There’s one notable dip and one climb and I think they both are related to how we have rearranged documentation and documentation formatting.

Top-4 author’s share

This could also talk about how seriously we suffer from “the bus factor” in this project. Look at how large share of all commits that the top-4 commiters have authored. Not committed; authored.
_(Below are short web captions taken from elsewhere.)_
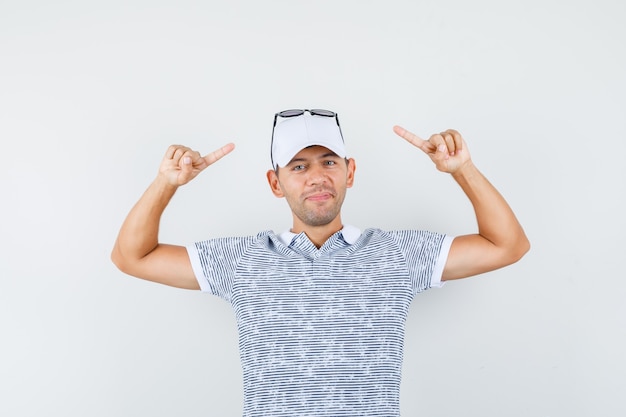 Jeune homme pointant sur des lunettes sur le chapeau en t-shirt et casquette et à la bonne humeur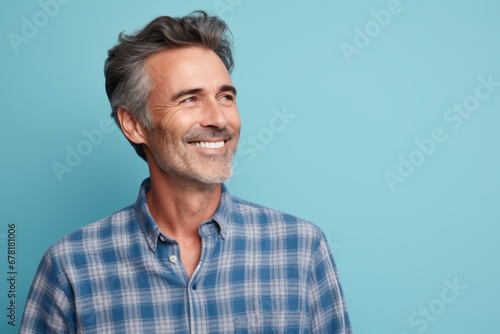 Portrait of a glad man in his 50s wearing a comfy flannel shirt against a pastel blue background. AI Generation photo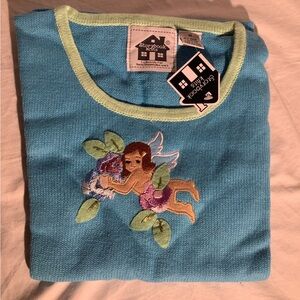 Storybook knit tank titled “Cherub’s Garden”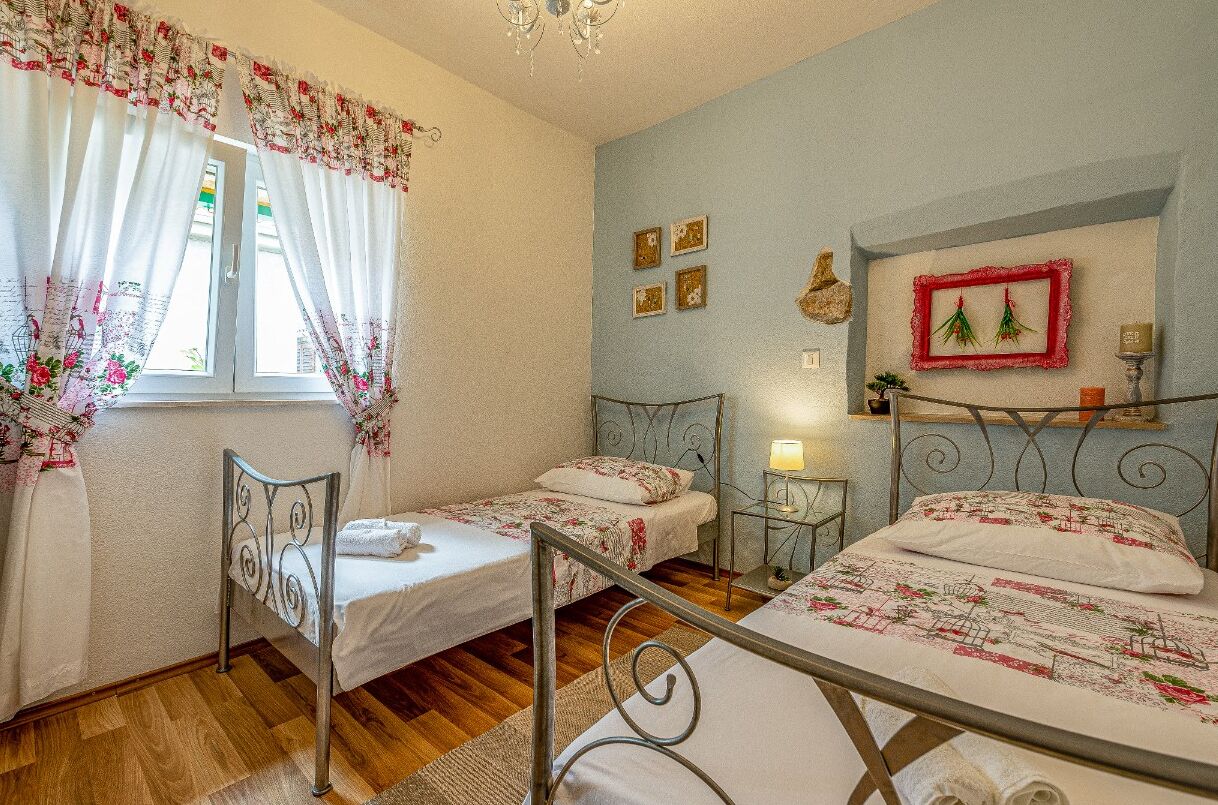 A bedroom with two single beds, a window with floral curtains, a chandelier, and wall-mounted picture frames.
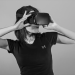 Black and white portrait of a young woman using a VR headset.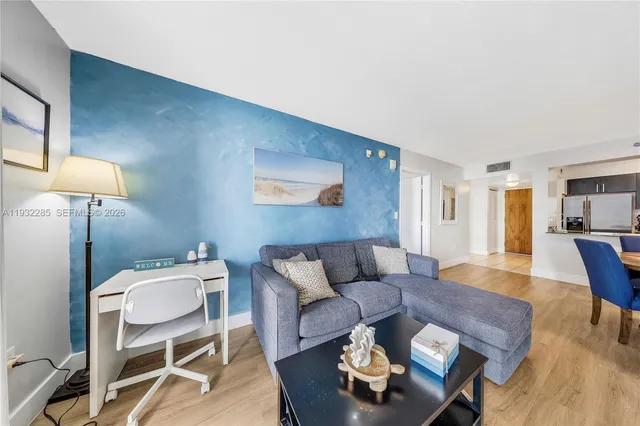 a living room with furniture and a table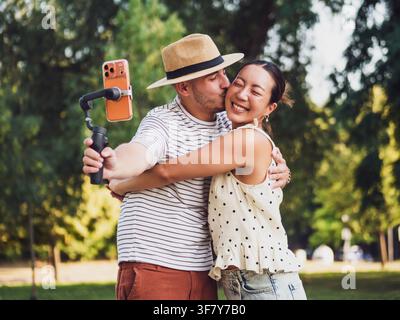 Giovane coppia allegra che si abbraccia e ride mentre si filma con uno stabilizzatore per smartphone all'aperto. Foto Stock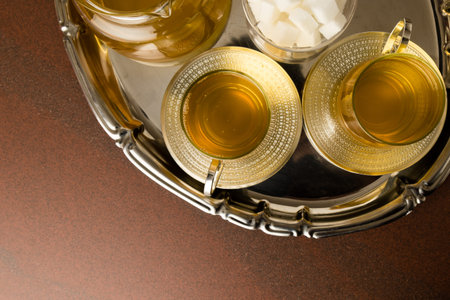 fresh natural organic hot tea in stylish glass mugの写真素材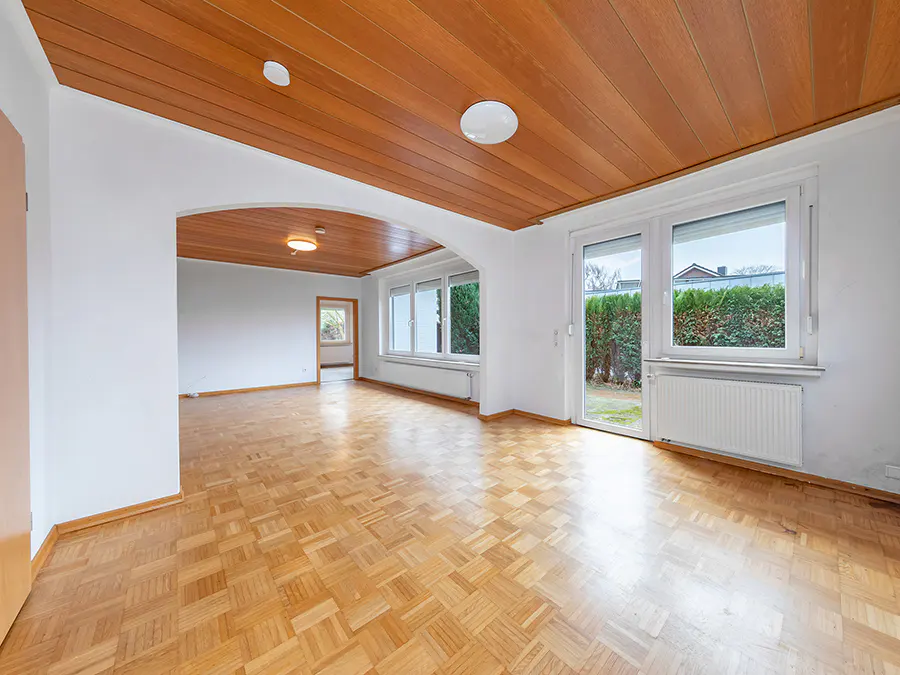 Empty room with parquet floor, white walls, and wood-paneled ceiling. Windows overlook a green hedge.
Of course we didn’t have proper separation between authors and committers before git (March 2010).

Interesting to note here is also that the author listed second here is Yang Tse, who hasn’t authored anything since August 2013. Me personally seem to have plateaued at around 57% of all commits during the recent year or two and the top-4 share is slowly decreasing but is still over 80% of the commits.

I hope we can get the top-4 share well below 80% if I rerun this script next year!

Number of authors over time

In comparison to the above graph, I did one that simply counted the total number of unique authors that have contributed a change to git and look at how that number changes over time.

The time before git is, again, somewhat of a lie since we didn’t keep track of authors vs committers properly then so we shouldn’t put too much value into that significant knee we can see on the graph.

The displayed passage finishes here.